Enzo Defilippi Profesor de Pacífico Business School

Uber

“El precio de las acciones de Uber llegó a caer 9% el primer día de cotización”. (Foto: AFP)

Dado que los automóviles sacaron a las carrozas de las calles y el cine sonoro hizo desaparecer las películas mudas, mucha gente piensa que el advenimiento de una nueva tecnología implica la muerte de las anteriores. Pero las cosas no ocurren necesariamente así. La televisión no mató a la radio, el streaming no ha matado al cine y, aunque usted no lo crea, cada año se venden más discos de vinilo. Por eso, dudo de que Uber, que el viernes pasado empezó a cotizar en la bolsa de Nueva York, vaya a monopolizar el mercado mundial de taxis en el mundo, como parecen creer quienes compraron acciones al precio solicitado por la empresa (valorizándola en US$100.000 millones).

Uber tiene competencia, y muy dura. No solo de taxis de la calle (usualmente más confiables que en Lima) y de los que se contratan por teléfono, sino también de aplicativos como Cabify y Lyft. La competencia es tan fuerte que la empresa viene perdiendo US$7.900 millones desde el 2009, a pesar de tener, según sus directivos, el 65% de participación en Estados Unidos, Europa y varios de los principales mercados del mundo. Lyft, por su parte, ha perdido US$2.900 en siete años y tampoco se sabe cuándo dejará de hacerlo. La economía colaborativa en la que se basan estos servicios puede ser una gran idea, pero no garantiza rentabilidad.

Parte del entusiasmo por Uber proviene de su reconocimiento de marca: es tan sinónimo de taxis por aplicativo como Facebook lo es de red social. Pero, a diferencia de Facebook, donde los efectos de red son grandes y claros (el valor para los usuarios es mayor cuando más gente está conectada, lo que desincentiva la competencia), en Uber son mínimos. En efecto, muchos usuarios usan indistintamente este y otros aplicativos, lo que implica que la empresa deberá seguir usando descuentos para mantener su clientela (lo que afecta su margen).

Por otro lado, la gran ventaja del modelo de negocio de Uber, no tener que invertir en una flota propia, también genera una debilidad estructural: verse obligado a ofrecer comisiones atractivas para los taxistas. Pero a decir de las manifestaciones que regularmente organizan sus conductores en todo el mundo (y de los mensajes que dejan en Waze), estos no parecen estar muy satisfechos con lo que reciben por sus servicios. El riesgo es que estos montos tengan que aumentar, lo que, sumado a una limitada capacidad para incrementar tarifas (los usuarios se irían a la competencia), reduciría los ya ajustados márgenes de la empresa.

Ante las dificultades de ganar dinero con los taxis, Uber ha empezado a entregar comida a domicilio y a alquilar scooters y bicicletas eléctricas.
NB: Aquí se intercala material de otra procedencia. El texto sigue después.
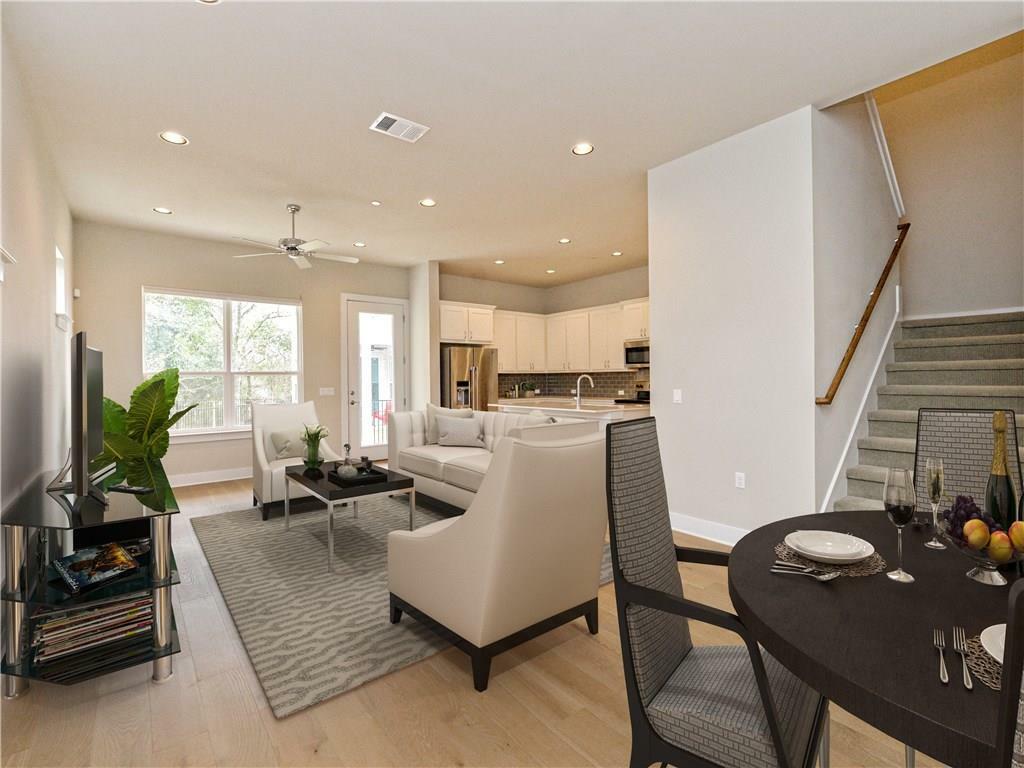 Property Photo: 3108 E 51st Street 1504 TX 78723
También está apostando a lo grande por los vehículos sin conductor. Pero si bien los riesgos de mercado de estos negocios son muy grandes, los regulatorios son aun mayores. Nadie sabe cómo se regularán los vehículos sin conductor, por ejemplo. Y vemos los problemas que están teniendo los scooters en Lima.

El precio de las acciones de Uber llegó a caer 9% el primer día de cotización, algo que ha ocurrido muy pocas veces anteriormente. Al parecer, ese taxi está teniendo problemas para llegar a su destino.